So you’ve heard back from some colleges…Now what?
This morning, upon the discovery of the Clark University Class of 2018 Facebook group, it occurred to me that this years’ high school seniors have either received notifications from the universities they applied to, or will be hearing back from them in the next few months. You filled out your applications, you waited for what, to me, felt like years, and finally received some answers. Now what?
Situation 1: You sit at your computer to quickly check your email before dinner, and you find that X University has sent you a notification that something has changed with your application. You click on the link, log in, follow the instructions, and wait for the page to load. You’ve been accepted!
Whether you race around the house yelling out your news for your parents to hear, jump up and down in your room before calling your best friend, or post a status on Facebook declaring your success, sharing your college acceptance is part of the process of figuring out where you will end up going. However, if announcing your ‘college status’ to the world sounds like a terrible idea, don’t feel pressured to tell everybody—I kept several acceptances between myself, my immediate family, and a few teachers.
Once the initial high of an acceptance passed, you should spend some time thinking about the college, imagining whether you can see yourself walking on its campus in a year’s time.
Situation 2: You open your laptop to sneakily check your email in the middle of your physics class, and you find that Y University has sent you a notification that something has changed with your application. You click on the link, log in, follow the instructions, and wait for the page to load. You’ve been waitlisted.
This can be positive or negative depending on how you choose to see it. I saw it negatively, yet if I had to do it again, I would try harder to see my place on a university’s waitlist as something positive.
A place on the waitlist comes with the option to accept or give up your place. Should you accept, you have to wait and wait in a strange place of college limbo. I gave up both my spots because my thought was if that I set my heart on going to whichever school I was waitlisted at, and was eventually rejected, I’d have to go through that process a second time, and would enroll at a university I did not want to go to. Starting with the mindset of ‘I want to be here’ makes college more pleasurable. However, accepting a place on the waitlist might be best for you—it gives you another chance to get into a potential dream school.
Situation 3: You sit at your computer to check your email for the hundredth time, and you find that Z University has finally sent you a notification that something has changed with your application. You click on the link, log in, follow the instructions, and wait for the page to load. You’ve been rejected.
Dealing with rejection is tough, and being rejected from a university can seem like a slap in the face. Do not lose confidence in yourself because some school decided that they didn’t want you. Let yourself feel sad for a bit, but make sure to get up and move on. A rejection presents an opportunity for thought—you might decide you wouldn’t have been happy at Z University anyway.
After a rejection, pat yourself on the back for trying, get some ice cream, and carry on. Hopefully, everything will work out, and you will be happy.
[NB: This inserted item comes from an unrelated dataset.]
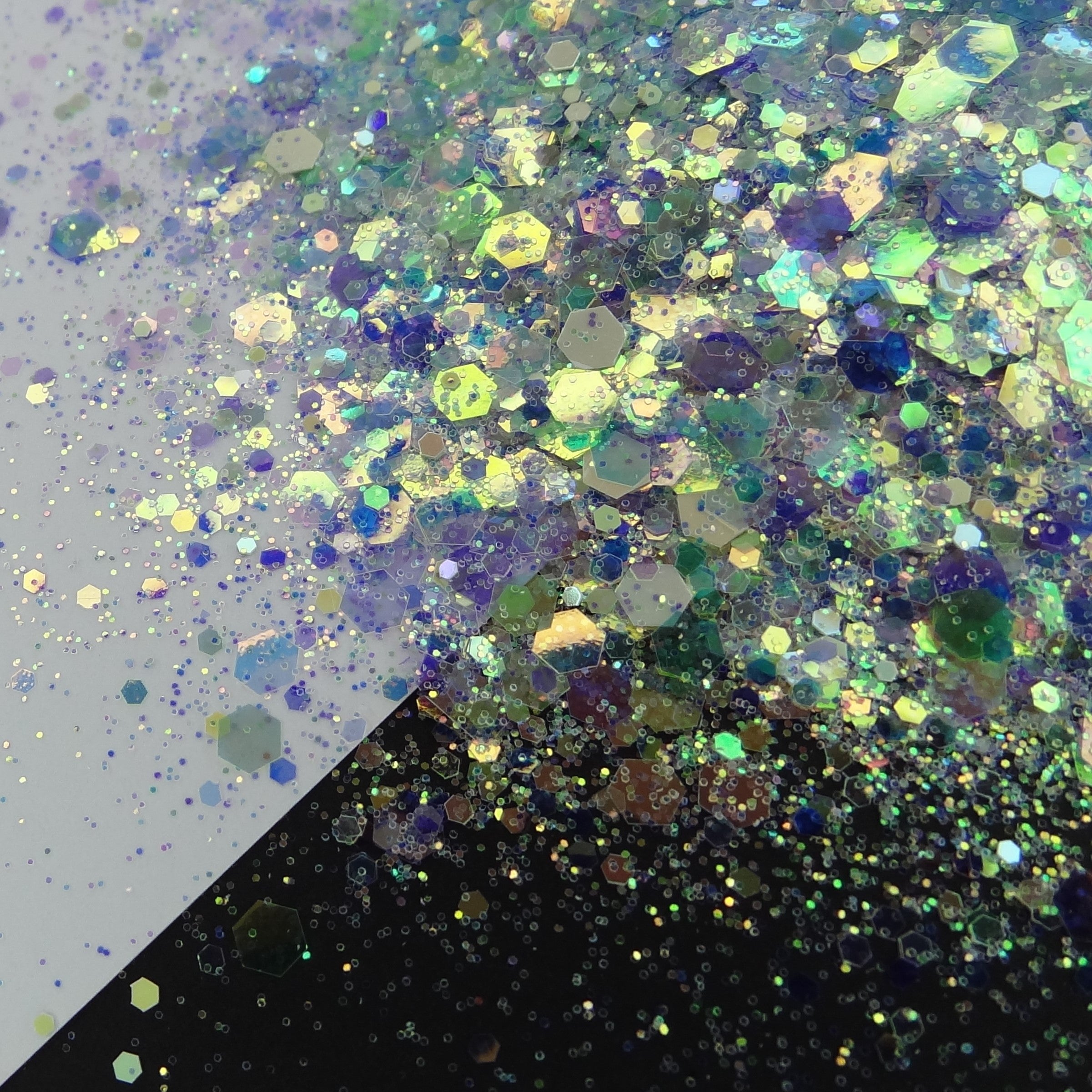 A pile of mixed colours of chunky glitter, including White/Green/Mint/Purple/Blue on a white and black background.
Remember, if you do end up at a school that leaves you feeling miserable, the option to transfer is available.
Deciding which college to go to is a tough decision based on money, majors, location, the student body, and all sorts of extenuating circumstances that will influence your final choice. What you get out of college correlates with what you put in, do not lose hope if you end up at a second or third choice school, do not feel like less of a person because you were waitlisted or rejected.
Be excited! Your final year of high school is almost over, and college is just around the corner.